ROANOKE, Va. (AP) — Five years ago, Jennifer Owens couldn't manage to do a single pull-up. It kept her from passing a fitness performance test all police officers must complete as part of the police academy.
But now she breezes through more than a dozen pull-ups. Recently she ripped off 18 of them. The 27-year-old Roanoke police detective can also do 70 sit-ups and can bench press 140 pounds, more than her body weight.
Owens' physical abilities have helped out her out at work, where she occasionally has to chase down criminals and restrain men whose size can dwarf her small frame, but being fit has also given her some national attention.
Last month, Owens was named the female champion in the National LawFit Challenge in Olive Branch, Miss., an annual event where hundreds of police officers — men and women — compete in fitness tests and obstacles to determine who has the most physically fit law enforcement officers in the country.
Owens has come to master the test she couldn't pass five years ago: Her championship this year is her fourth in a row, making her the top female officer in the country to beat when it comes to LawFit.
And she doesn't just beat women. Owens came in 16th overall in the competition, beating out 102 other officers, the majority of whom were men.
"I was almost more happy to hear that," Owens said. She said about 16 other women competed in the challenge.
Owens stands 5 feet, 4 1/2 inches tall — she always emphasizes that extra half. Still, as a Roanoke police officer she knew she'd picked a gig that sometime would call for her to wrestle people to the ground, and she didn't want to come up short. She knew she had to be in better physical shape than the average person.
"There's been times when I've gotten into a few scuffles with a buddy, and I'm glad to be in shape, especially for being a female and having to be in a fight with two guys," Owens said. "It's good to help your buddy out and not just be kind of yelling on the radio."
Owens was always athletic and even played on her college rugby team. However, she really homed in on health and nutrition after going through the police academy.

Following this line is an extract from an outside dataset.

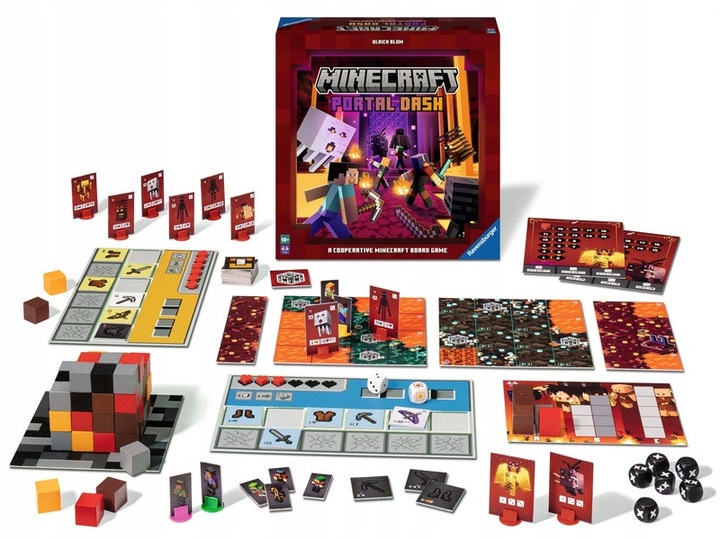 Gra planszowa RAVENSBURGER Minecraft Portal Dash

Originally from Manassas, Owens went to Radford University and studied criminal justice. She applied for a spot with the Roanoke Police Department after graduation. One of the stipulations to finishing the police academy is passing the LawFit challenge, which leads trainees through intense physical fitness tests of weightlifting, running and obstacles. After failing to do any pull-ups, which are her self-proclaimed Kryptonite, she worked on getting in shape and developed a routine that stuck.
After a few months of training she could do six pull-ups, always pushing to do a little better than she did the day before.
"They preach to us that physical fitness is so important when it comes to police work," Owens said. "I mean, you find yourself in fights. You are going to need to pull people to help."
Sometimes, she said, you have to chase people down or climb through a window or drag 150 pounds, just like the LawFit obstacle course has officers do.
"Every foot pursuit I have gotten in, it always seems to be uphill. It can never be downhill," Owens said.
She recalls one incident when she had to restrain a man who was easily more than 6 feet tall and 200 pounds. The officer who was her backup was about her height, but it didn't matter — they still had to put handcuffs on the suspect.
Times that like, Owens said, are when it comes in handy that she can bench press 105 percent of her body weight.
After a few years she eventually got a reputation in the police department for her no-holds-barred workouts.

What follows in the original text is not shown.